The Living City is an interactive exhibition catered for groups of all ages and interests to explore the fundamentals of city-making in a playful and unconventional approach using LEGO. The exhibition is designed as a LEGO board game that breaks down the central theories related to urban growth in an accessible manner as players contribute to the living city with their own LEGO creation while engaging and negotiating amongst one another on the form the city takes as it develops.
The Festival Belia Putrajaya and The Cooler Lumpur Festival set in Publika in June will be a trial run exhibition for The Living City where the game mechanics and interactions will be tested out on a smaller scale. The Living City takes on its full form at The George Town Festival in Penang this year in the month of August where the three components of The Living City will be carried out which includes a master class workshop, a visual exhibition and a week-long larger scale exhibition of The Living City interactive board game.
The rule of the game is simple; players start by having the option of selecting a challenge card which suggests themes and types of structures that makes a city. The challenge card includes suggestions of appropriate housing, landmarks in the city and questions the depletion of resources in the city. Players can either design according to their challenge card or design whatever they feel to be an integral part of the city as creatively as possible. The player will then decide where to place their creation by removing (deforesting) miniature LEGO trees on the green LEGO terrain. As the game progresses and more creations are placed on The Living City, players will have to negotiate with existing constructions and depleting green space to decide what gets demolished to make room for their construction.
It is this thought process of contributing their creation to an existing LEGO landscape which we hope to gain stimulating conversations and ideas from on the issues of urban growth.
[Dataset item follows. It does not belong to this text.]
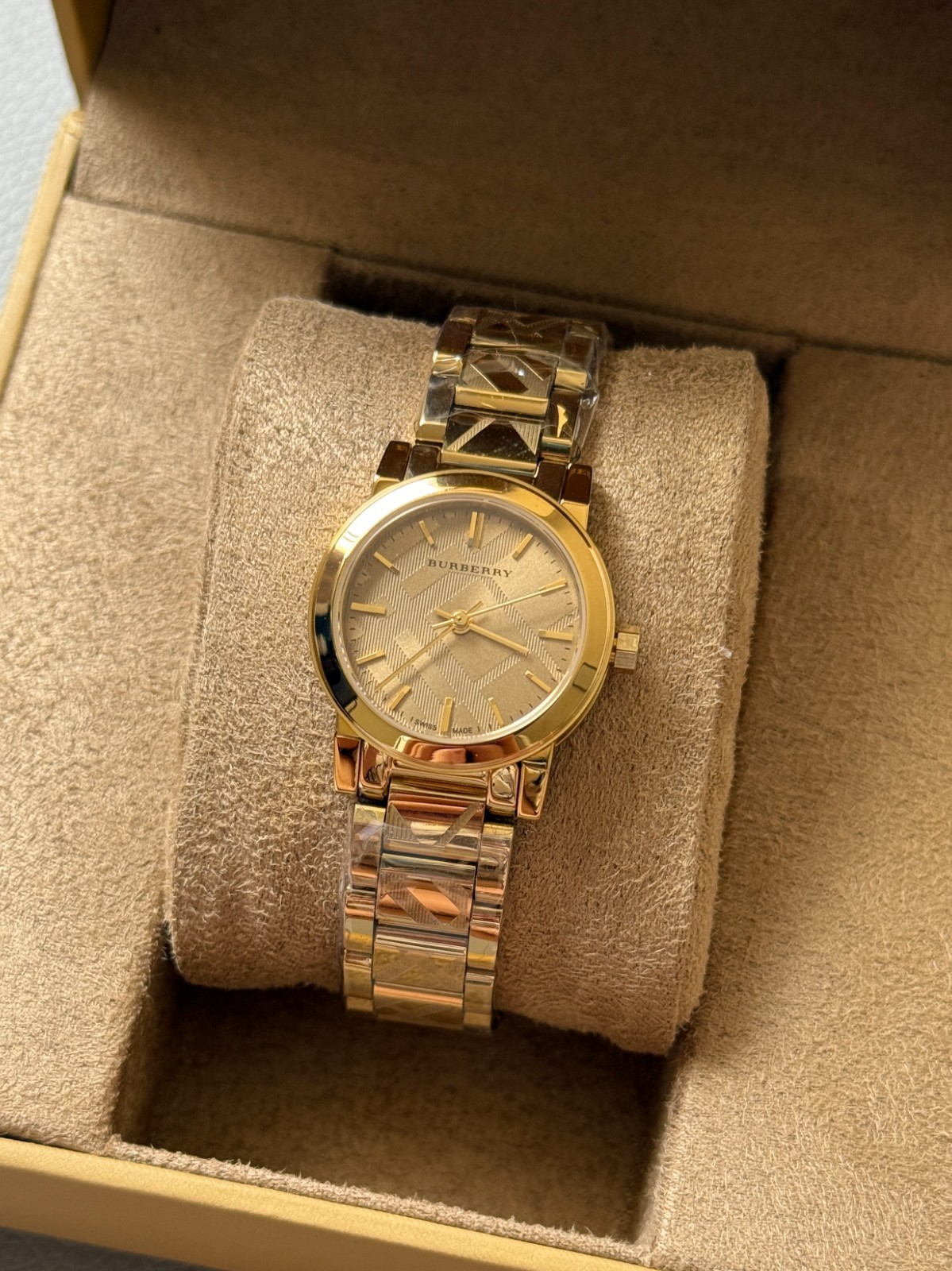Burberry watch The City Engraved Check Watch 26mm Gold BU9234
As players contribute to the growing city, they immediately witness the effects of city-making as they alter the topography of the LEGO landscape, emphasising with the The Living City as a living organism.
Some of the immediate concepts players observe through this exhibition is the act of deforestation, negotiation of resources and the understanding density in a city. The Living City takes its name after Archigram’s 1963 exhibition of the city of the future, an avant-garde architecture firm which influenced the likes of Norman Foster and The Centre Pompidou.
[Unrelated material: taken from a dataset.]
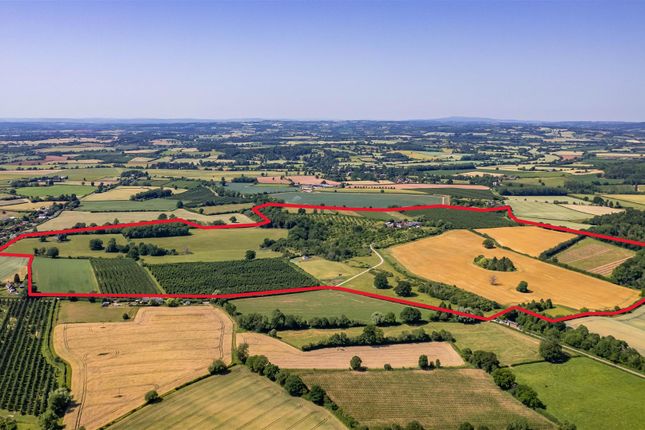 3 bed property, in Ashperton, £3,000,000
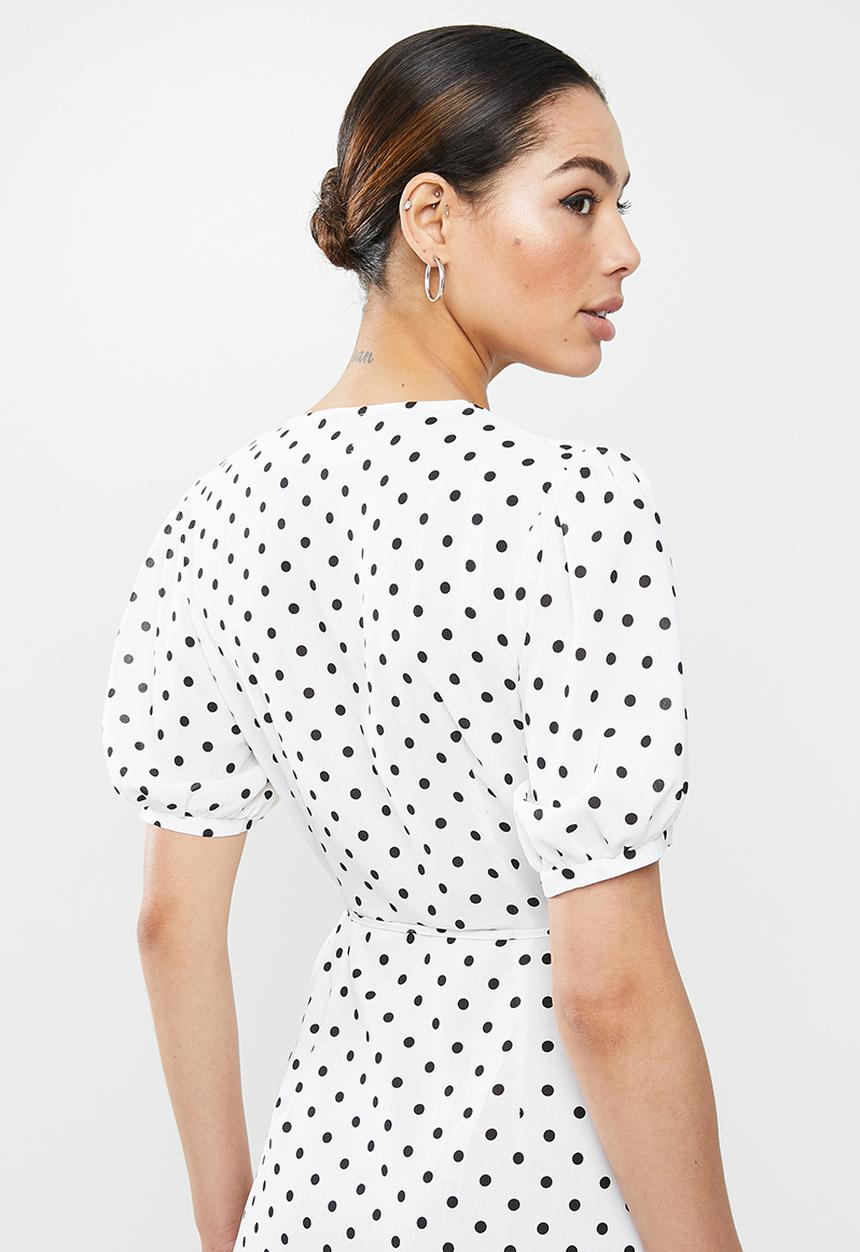 Missguided - Puff sleeve wrap tea maxi dress polka - black & white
#BetterCities has been working behind the scenes on this for months now and we have even recruited new members to our team to assist in the conceptualisation and follow through of The Living City. Lay Sheng and Jia Ling came on board as our interns during the preparation of The Living City and Syukri was scouted to be the set designer of the exhibition.
(Syukri, Lay Sheng and Jia Ling deciding on the final selection of the challenge cards for The Festival Belia Putrajaya 2014)
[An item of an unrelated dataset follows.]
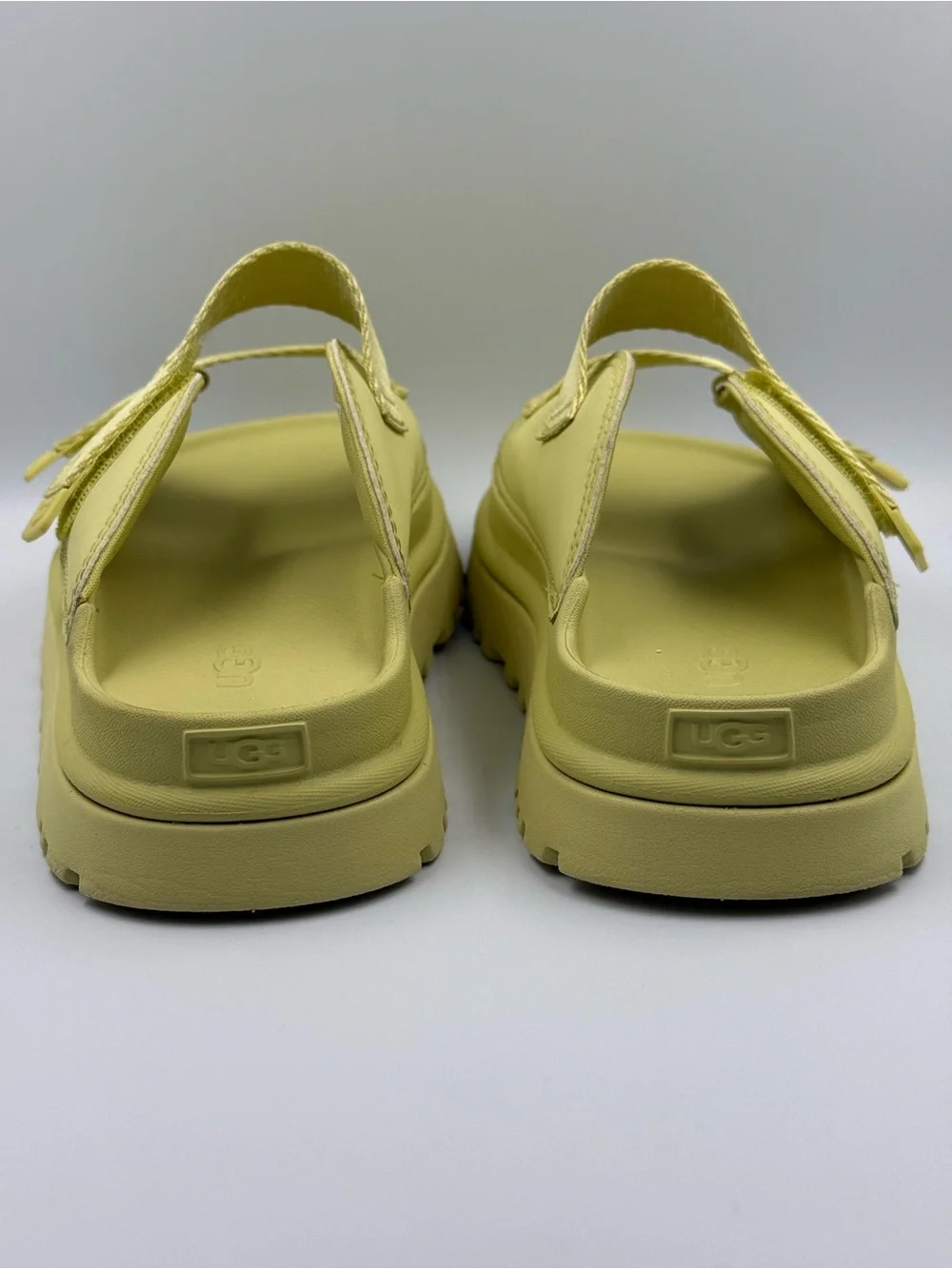 UGG Yellow Goldenglow Sandals Double Strap Big Girl Size 6 or Women’s 7.5/8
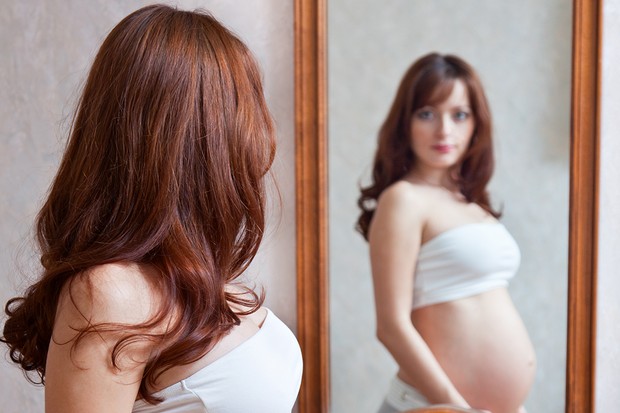 رنگ مو در بارداری با استفاده از رنگ طبیعی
We’ve come a long way to get to this point and we hope you will be part of the next leg(o) of the journey. The Living City will be exhibited at these following festival as follows :-
Festival Belia Putrajaya
- Date : 23, 24 and 25th of May, 2014
- Venue : Persiaran Perdana, Putrajaya
The Cooler Lumpur Festival
- Date : 21st and 22nd of June, 2014
- Venue : Publika Mall, Jalan Dutamas 1, Solaris Dutamas, Kuala Lumpur
The George Town Festival
- Date : 15th – 31st of August, 2014
- Venue : MPPP Town Hall, Jalan Padang Kota Lama, George Town, Pulau Penang
Featured Image also courtesy of The Festival Belia Putrajaya 2014
Yasmin Lane is the research lead at BetterCities. She graduated with a degree in International Relations and has since shifted her interest from the people and institutions that make up the city to learning new ways of shaping and improving the structures of the city itself.